Exercise goal » Can you copy out the data exactly? Leave the images out.

(Pictures with short captions)

_ _ _

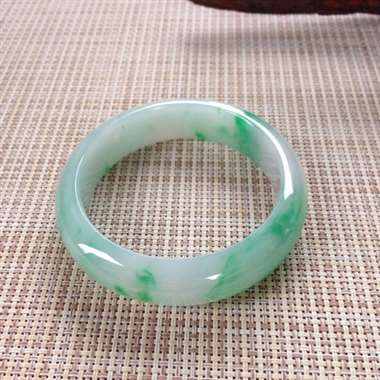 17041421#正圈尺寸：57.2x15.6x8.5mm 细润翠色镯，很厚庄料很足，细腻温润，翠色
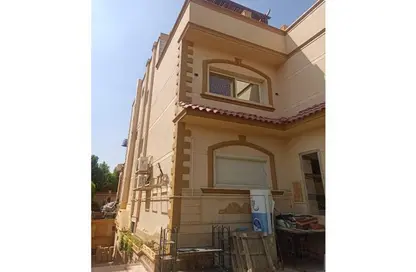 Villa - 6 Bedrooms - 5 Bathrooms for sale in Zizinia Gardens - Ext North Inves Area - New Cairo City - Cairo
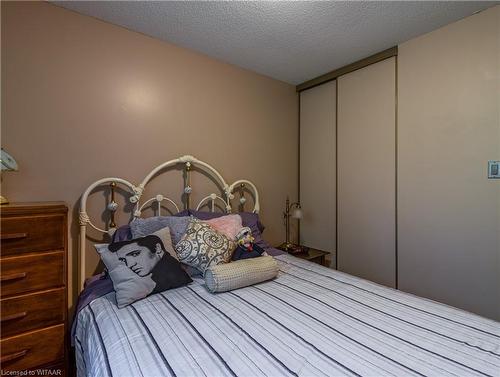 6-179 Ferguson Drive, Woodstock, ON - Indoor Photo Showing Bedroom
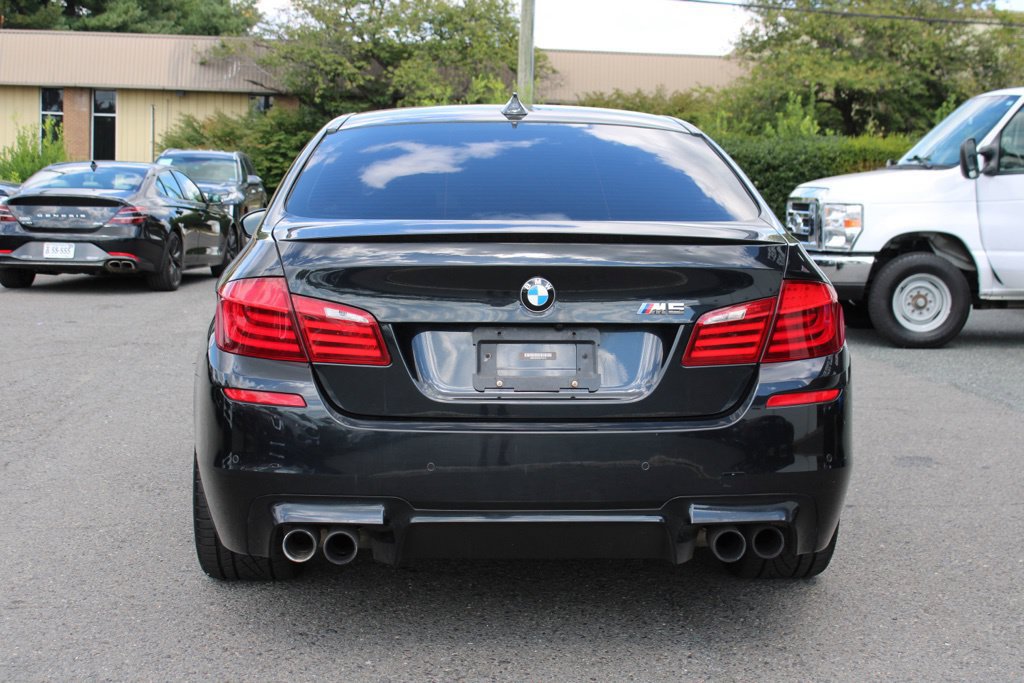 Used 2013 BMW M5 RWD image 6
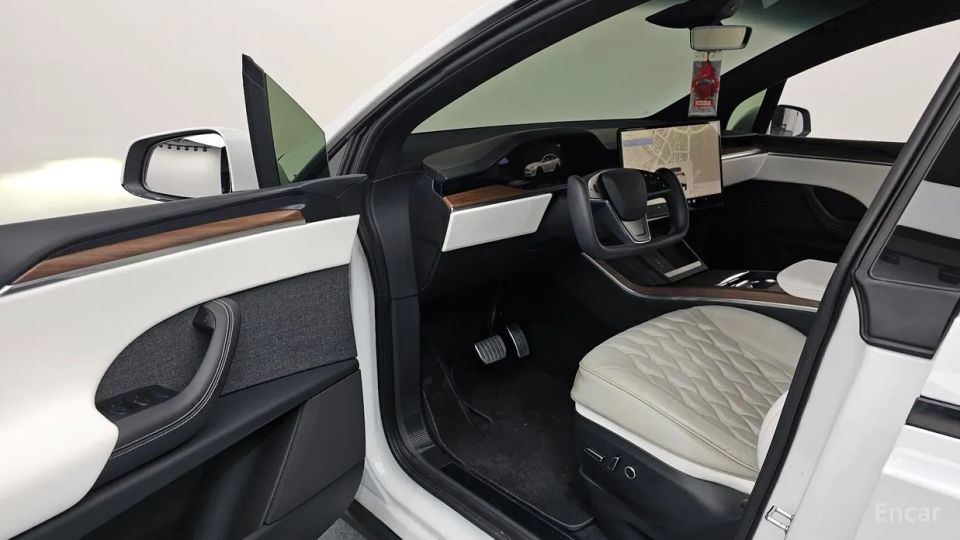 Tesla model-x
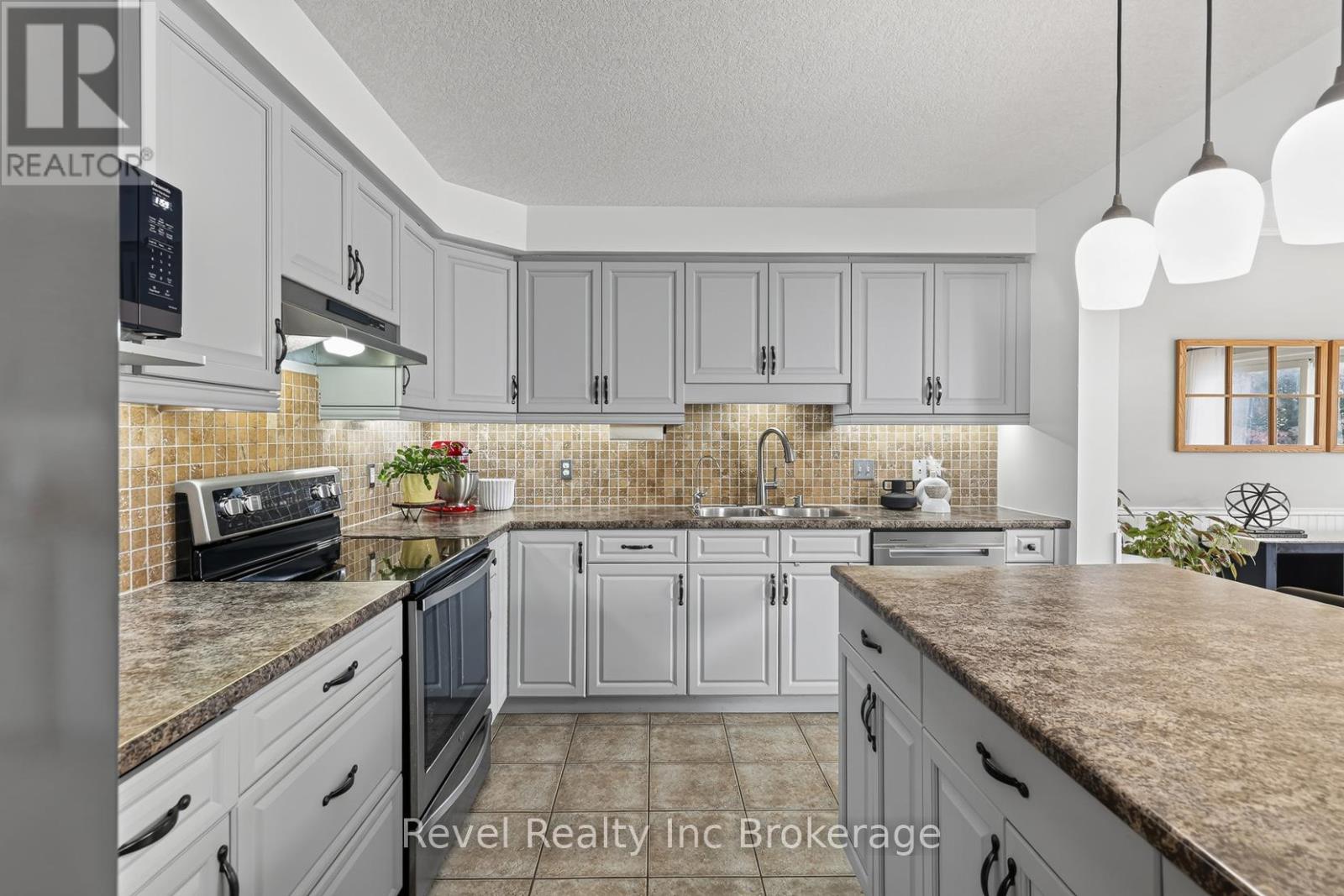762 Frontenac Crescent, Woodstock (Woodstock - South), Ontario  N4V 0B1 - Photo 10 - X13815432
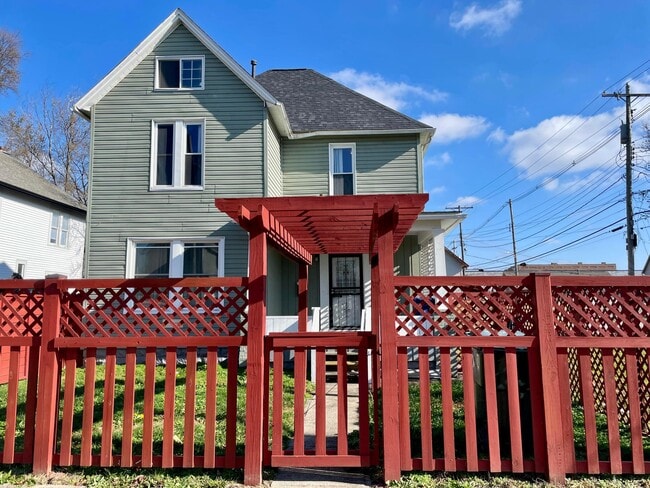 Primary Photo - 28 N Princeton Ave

_ _ _

Response to the task »
 17041421#正圈尺寸：57.2x15.6x8.5mm 细润翠色镯，很厚庄料很足，细腻温润，翠色
 Villa - 6 Bedrooms - 5 Bathrooms for sale in Zizinia Gardens - Ext North Inves Area - New Cairo City - Cairo
 6-179 Ferguson Drive, Woodstock, ON - Indoor Photo Showing Bedroom
 Used 2013 BMW M5 RWD image 6
 Tesla model-x
762 Frontenac Crescent, Woodstock (Woodstock - South), Ontario  N4V 0B1 - Photo 10 - X13815432
 Primary Photo - 28 N Princeton Ave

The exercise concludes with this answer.